Refactor: Move CUDA graph dispatch logic earlier (#27382)

Signed-off-by: Yizhou Liu <liu_yizhou@outlook.com>
2026-06-03 03:24:27 +08:00 · 2025-11-23 05:10:31 +08:00 · 2025-11-23 05:10:31 +08:00 · df78aeef08
commit df78aeef08
parent 7df331c66b
1 changed files with 25 additions and 25 deletions
--- a/vllm/v1/worker/gpu_model_runner.py
+++ b/vllm/v1/worker/gpu_model_runner.py
@ -3740,6 +3740,31 @@ class GPUModelRunner(
            dp_rank = self.parallel_config.data_parallel_rank
            num_tokens_after_padding = int(num_tokens_across_dp[dp_rank])

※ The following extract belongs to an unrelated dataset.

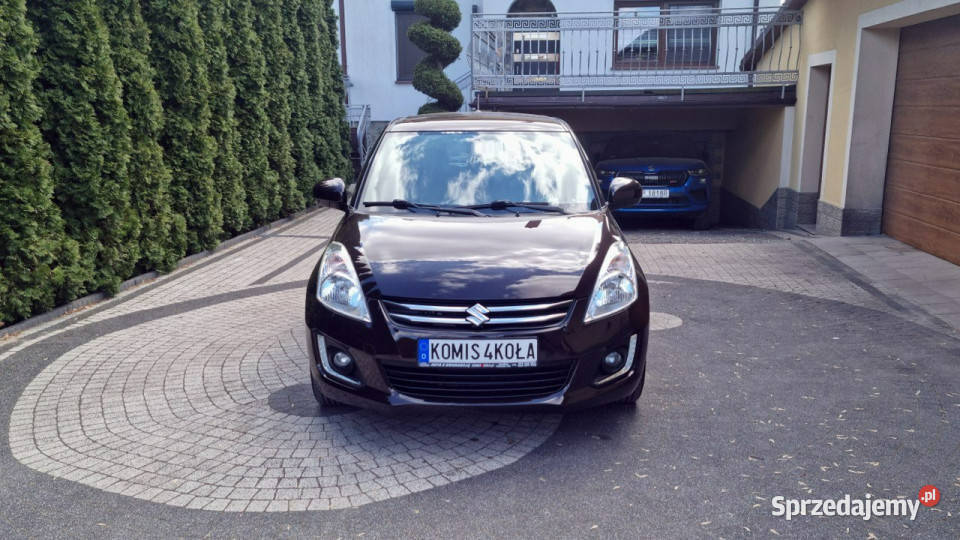 Suzuki Swift PółSkóry Klima Wzorowy Stan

        # filter out the valid batch descriptor
        _cg_mode, batch_descriptor = (
            self.cudagraph_dispatcher.dispatch(
                BatchDescriptor(
                    num_tokens=num_tokens_after_padding,
                    uniform_decode=uniform_decode,
                    has_lora=activate_lora and self.lora_config is not None,
                )
            )
            if not is_profile
            else (CUDAGraphMode.NONE, None)
        )
        if cudagraph_runtime_mode is not None:
            # we allow forcing NONE when the dispatcher disagrees to support
            # warm ups for cudagraph capture
            assert (
                cudagraph_runtime_mode == CUDAGraphMode.NONE
                or cudagraph_runtime_mode == _cg_mode
            ), (
                f"Cudagraph runtime mode mismatch at dummy_run. "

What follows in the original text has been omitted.